I can’t count how many times I’ve heard, ‘there are so many other people who have it worse than me, I shouldn’t be feeling so bad’. Thinking this way is unfair, because the most important thing to take into consideration is that whatever you are feeling is your reality! Reality sometimes means we feel guilty, anxious, depressed, ashamed, etc. However, these feelings don’t mean you are ungrateful. You can have a strong emotion AND still be grateful for your blessings. For those with depression and/or anxiety, what it comes down to is that you can have many wonderful things in your life, like a great job, great family, etc, but still have depression and anxiety! Too many times people avoid therapy and treatment because they don’t feel like they are ‘worthy’ of this type of self-care. Sometimes they know or have heard of someone who ‘has it worse’. What I can tell you is that mental illnesses can be tricky and manipulative, making you think your worries and feelings aren’t valid. This simply is not true. Everyone is worthy of being heard and validated and if you aren’t feeling like yourself, don’t be afraid to seek help.

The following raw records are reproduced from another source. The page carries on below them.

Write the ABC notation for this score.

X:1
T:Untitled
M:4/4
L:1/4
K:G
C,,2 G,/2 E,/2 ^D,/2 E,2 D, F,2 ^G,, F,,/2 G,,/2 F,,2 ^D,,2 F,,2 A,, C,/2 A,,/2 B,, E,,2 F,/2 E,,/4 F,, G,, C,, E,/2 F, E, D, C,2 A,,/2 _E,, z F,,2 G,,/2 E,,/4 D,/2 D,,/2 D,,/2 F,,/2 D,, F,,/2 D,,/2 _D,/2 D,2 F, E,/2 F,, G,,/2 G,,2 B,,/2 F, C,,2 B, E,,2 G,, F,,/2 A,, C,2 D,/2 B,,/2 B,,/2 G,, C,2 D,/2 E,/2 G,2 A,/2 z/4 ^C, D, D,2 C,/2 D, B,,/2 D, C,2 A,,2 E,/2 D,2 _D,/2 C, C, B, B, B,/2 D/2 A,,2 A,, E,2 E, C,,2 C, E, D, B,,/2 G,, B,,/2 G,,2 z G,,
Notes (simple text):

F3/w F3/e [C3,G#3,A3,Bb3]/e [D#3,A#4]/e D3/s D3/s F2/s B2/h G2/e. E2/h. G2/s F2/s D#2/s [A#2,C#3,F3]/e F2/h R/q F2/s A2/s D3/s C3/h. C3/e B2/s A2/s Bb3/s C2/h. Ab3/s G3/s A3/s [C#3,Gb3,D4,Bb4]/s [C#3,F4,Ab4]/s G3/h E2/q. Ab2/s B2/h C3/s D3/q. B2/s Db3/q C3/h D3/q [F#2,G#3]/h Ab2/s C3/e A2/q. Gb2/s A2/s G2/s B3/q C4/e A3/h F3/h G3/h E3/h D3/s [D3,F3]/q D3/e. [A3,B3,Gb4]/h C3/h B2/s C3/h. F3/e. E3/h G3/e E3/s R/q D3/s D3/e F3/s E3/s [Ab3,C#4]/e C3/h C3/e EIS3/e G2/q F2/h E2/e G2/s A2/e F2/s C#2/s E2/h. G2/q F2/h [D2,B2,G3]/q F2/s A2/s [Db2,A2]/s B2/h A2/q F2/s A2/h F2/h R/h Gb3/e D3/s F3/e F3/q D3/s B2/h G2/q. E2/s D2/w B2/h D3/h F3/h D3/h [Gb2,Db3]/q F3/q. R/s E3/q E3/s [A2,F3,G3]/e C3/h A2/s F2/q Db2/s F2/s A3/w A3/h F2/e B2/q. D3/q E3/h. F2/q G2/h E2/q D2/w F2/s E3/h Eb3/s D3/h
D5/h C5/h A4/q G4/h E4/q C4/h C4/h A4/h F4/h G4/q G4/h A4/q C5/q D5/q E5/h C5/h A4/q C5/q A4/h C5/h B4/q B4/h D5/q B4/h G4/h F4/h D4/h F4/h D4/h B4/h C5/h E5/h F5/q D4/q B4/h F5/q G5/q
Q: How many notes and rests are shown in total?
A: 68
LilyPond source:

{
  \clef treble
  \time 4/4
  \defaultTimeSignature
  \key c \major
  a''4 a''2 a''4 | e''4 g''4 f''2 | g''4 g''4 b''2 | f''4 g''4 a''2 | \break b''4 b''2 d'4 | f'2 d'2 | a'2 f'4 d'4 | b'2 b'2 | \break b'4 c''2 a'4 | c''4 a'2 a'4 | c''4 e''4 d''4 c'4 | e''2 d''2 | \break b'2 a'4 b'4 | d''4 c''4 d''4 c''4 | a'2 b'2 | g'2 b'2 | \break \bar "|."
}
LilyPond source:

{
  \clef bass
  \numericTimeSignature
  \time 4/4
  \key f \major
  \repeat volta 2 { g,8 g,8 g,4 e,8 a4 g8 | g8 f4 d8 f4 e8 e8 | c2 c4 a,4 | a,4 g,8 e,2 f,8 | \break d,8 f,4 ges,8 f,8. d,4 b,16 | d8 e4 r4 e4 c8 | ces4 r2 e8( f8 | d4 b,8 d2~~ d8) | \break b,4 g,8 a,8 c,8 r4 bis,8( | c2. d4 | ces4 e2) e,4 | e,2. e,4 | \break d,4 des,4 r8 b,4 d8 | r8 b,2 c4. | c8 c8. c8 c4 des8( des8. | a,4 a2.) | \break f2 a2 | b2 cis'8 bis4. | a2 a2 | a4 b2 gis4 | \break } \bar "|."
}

In the same line of thinking, I’ve worked with many people who are taken aback when I use the word ‘trauma’ to explain a situation they have been through. Many feel trauma is too harsh of a word and should be reserved for sexual/physical abuse or veterans of war. While abuse and war are definitely traumas, many other experiences are too. In fact, a quick google search of the word ‘trauma’ will pull up the definition ‘a deeply distressing or disturbing experience’. With this definition, it’s not an exaggeration to state that almost all of us have experienced a trauma in our lives! Breaking it down, let me explain what a ‘distressing or disturbing event’ might be. First of all, abuse can definitely be defined this way, but so can being the parent of someone who has been abused. Caregivers often naturally feel very intense emotions when someone they love has been hurt, causing them to experience what is called ‘secondary trauma’ or ‘secondhand trauma’. This form of trauma is powerful and is often shrouded in feelings of guilt and thoughts of ‘if only I had known/been there/done something’. Treatment is 100% appropriate and encouraged for those of you experiencing secondary trauma. It will help you feel in control of your feelings and thoughts again, as well as be a positive example that mental wellness is everyone in the family’s responsibility for your child or loved one.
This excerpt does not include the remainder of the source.